**Work required:** In the records below, find the line holding "When To Plant Native Grass In Kansas"; copy it and every line after it to the end, omitting all images.

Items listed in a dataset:
BEGIN
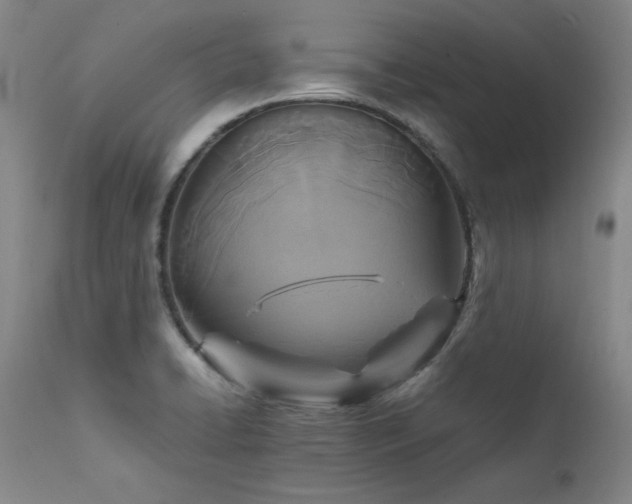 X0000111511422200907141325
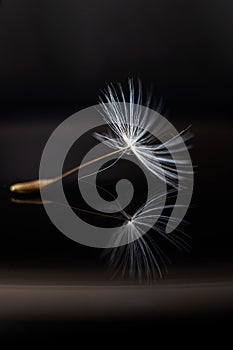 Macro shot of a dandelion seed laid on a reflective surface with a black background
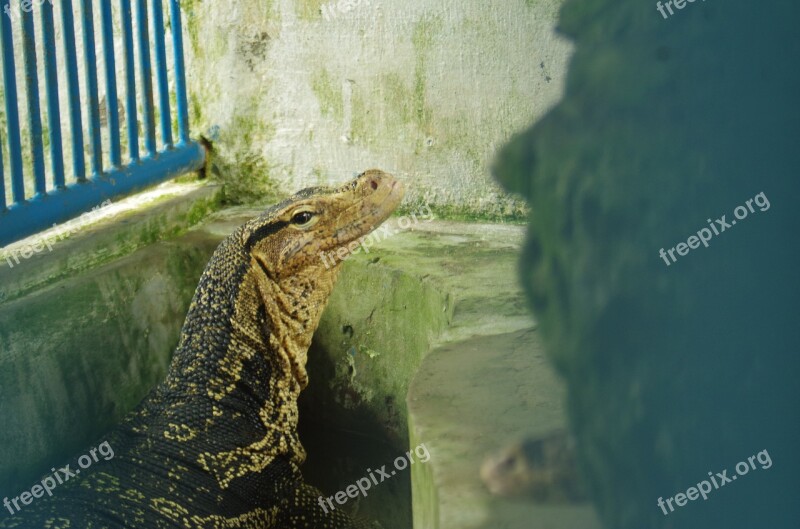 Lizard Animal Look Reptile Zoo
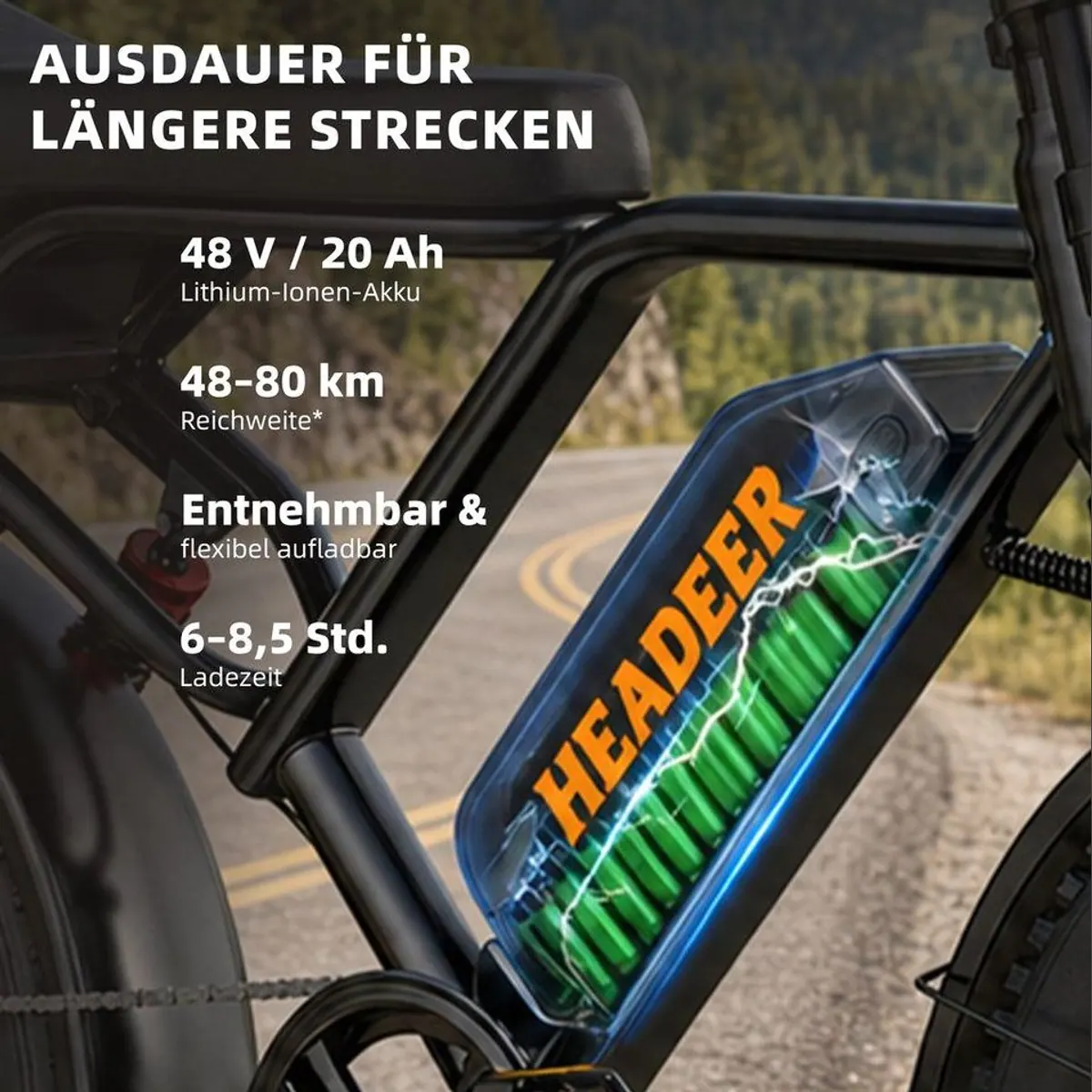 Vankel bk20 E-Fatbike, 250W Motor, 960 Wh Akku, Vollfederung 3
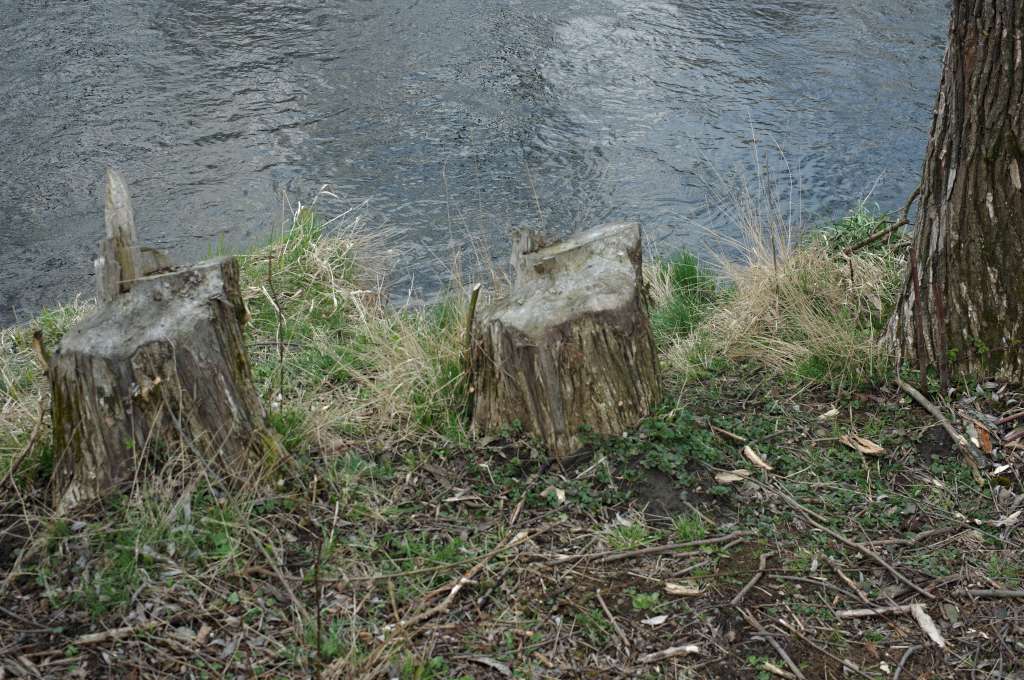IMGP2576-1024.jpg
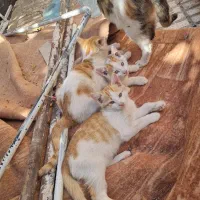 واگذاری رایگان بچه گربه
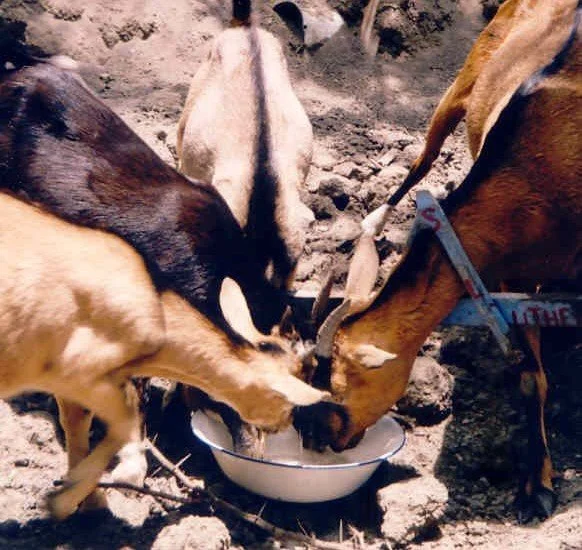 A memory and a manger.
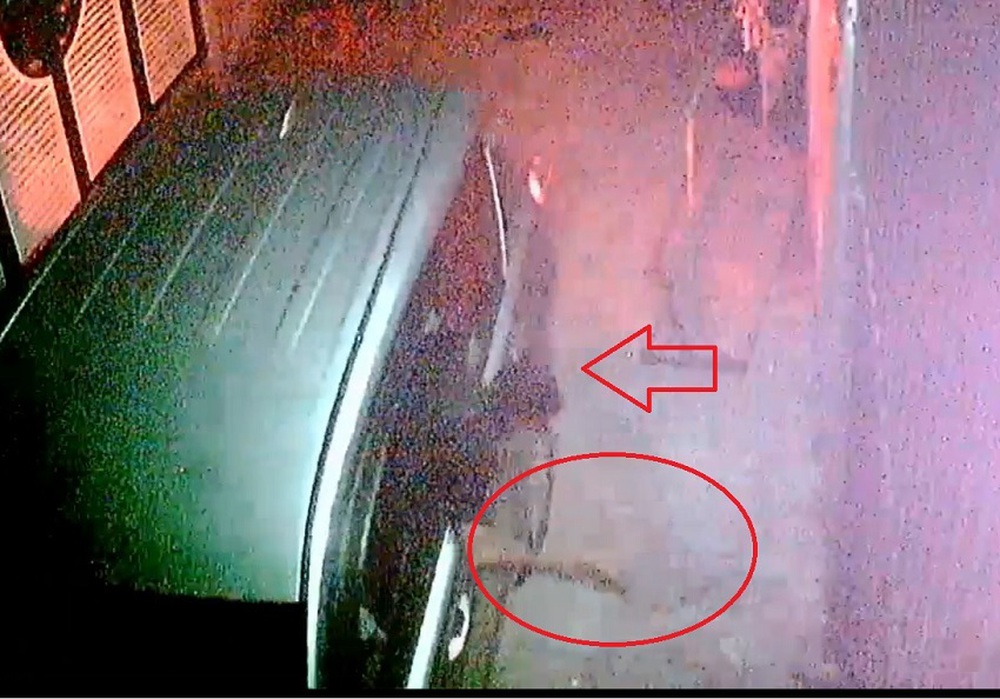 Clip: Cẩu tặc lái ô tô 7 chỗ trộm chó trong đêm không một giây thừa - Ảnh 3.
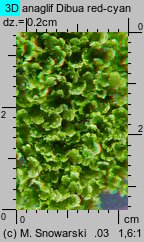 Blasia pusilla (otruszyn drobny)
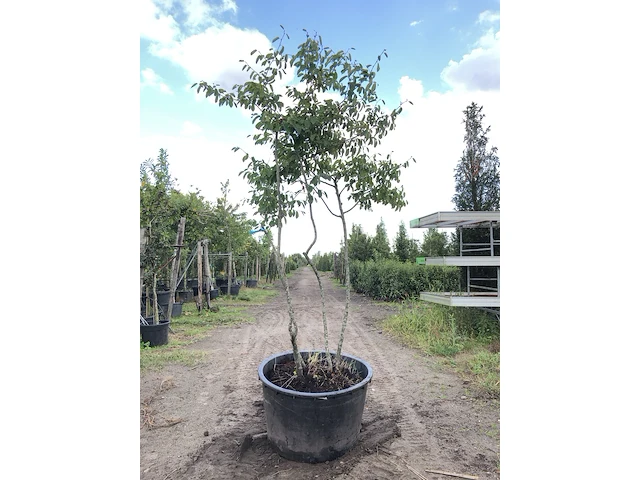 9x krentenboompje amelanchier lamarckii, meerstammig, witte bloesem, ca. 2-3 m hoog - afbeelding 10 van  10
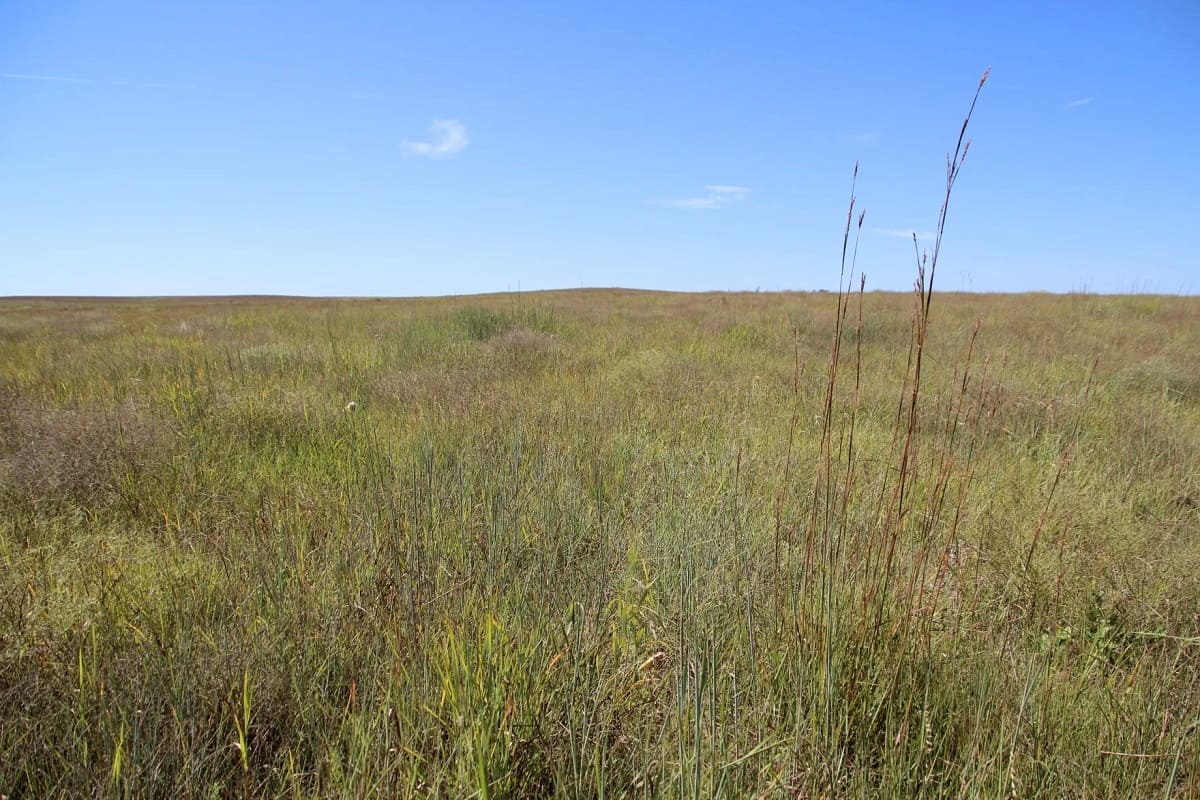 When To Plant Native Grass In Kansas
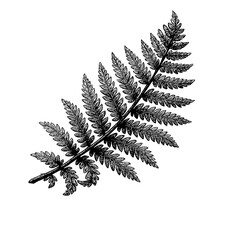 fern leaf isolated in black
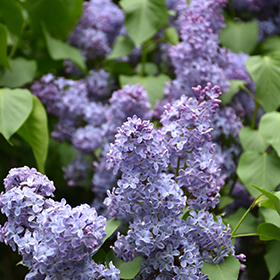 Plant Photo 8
END
**Output of the task:**
 When To Plant Native Grass In Kansas
 fern leaf isolated in black
 Plant Photo 8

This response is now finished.